Zong-Yan Cai, Wen-Yi Wang, Yi-Ming Huang, and Chih-Min Wu
Purpose: The authors investigated the effect of foot cooling (FC) between sets in a leg press pyramid workout with resistance-trained participants. Methods: A total of 12 resistance-trained men (age = 21.8 [0.6] y; training experience = 1.7  y) performed a pyramid workout, including 4 sets of 85% to 90% 1-repetition maximum leg press exercise to exhaustion with interset FC or noncooling in a repeated-measures crossover design separated by 5 days. The authors immersed the participants’ feet in 10°C water for 2.5 minutes between sets. Results: Two-way repeated-measures analysis of variance revealed that FC elicited significantly higher repetitions and electromyography (EMG) values of the vastus lateralis (simple main effect of condition) than did noncooling (P < .05) in the second (repetitions: 11 [3.5] vs 7.75 [3.2]; EMG: 63.4% [19.4%] vs 54.5% [18.4%]), third (repetitions: 8.9 [3.2] vs 6.4 [2.1]; EMG: 71.5% [17.4%] vs 60.6% [19.4%]), and fourth (repetitions: 7.5 [2.7] vs 5.1 [2.2]; EMG: 75.2% [19.6%] vs 59.3% [23.5%]) sets.

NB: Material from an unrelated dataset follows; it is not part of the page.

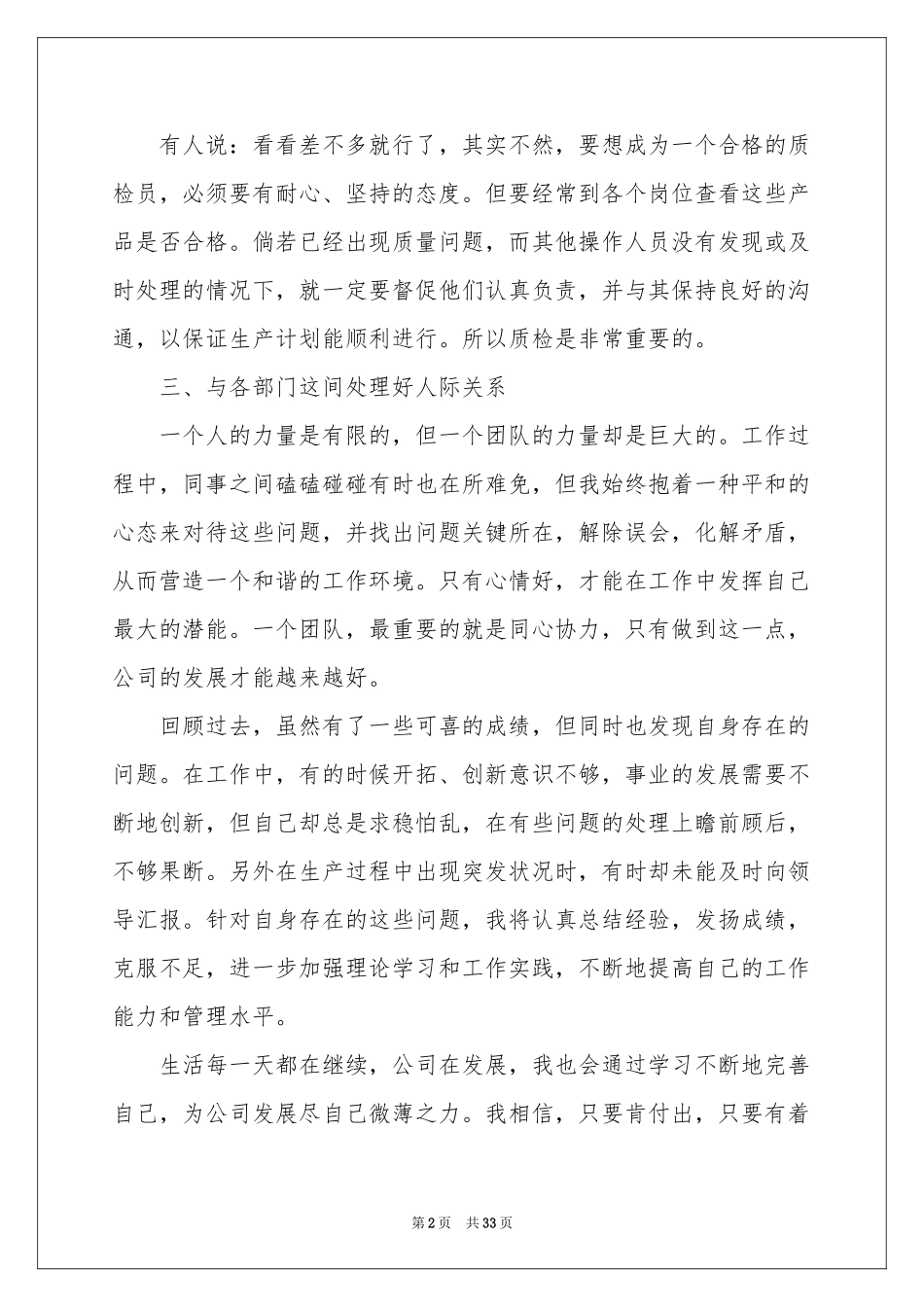 质检员个人年终工作参考总结15篇_第2页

The authors also detected a simple main effect of set in the FC and noncooling conditions on repetitions (P < .05) and in the FC condition on the vastus lateralis EMG values. Although the authors observed no time × trial interactions for the rating of perceived exertion, the authors observed main effects on the sets (7.7–9.6 vs 7.9–9.3, P < .05). Conclusions: Interset FC provides an ergogenic effect on a leg press pyramid workout and may offset fatigue, as indicated by higher repetitions and EMG response, without increasing perceived exertion.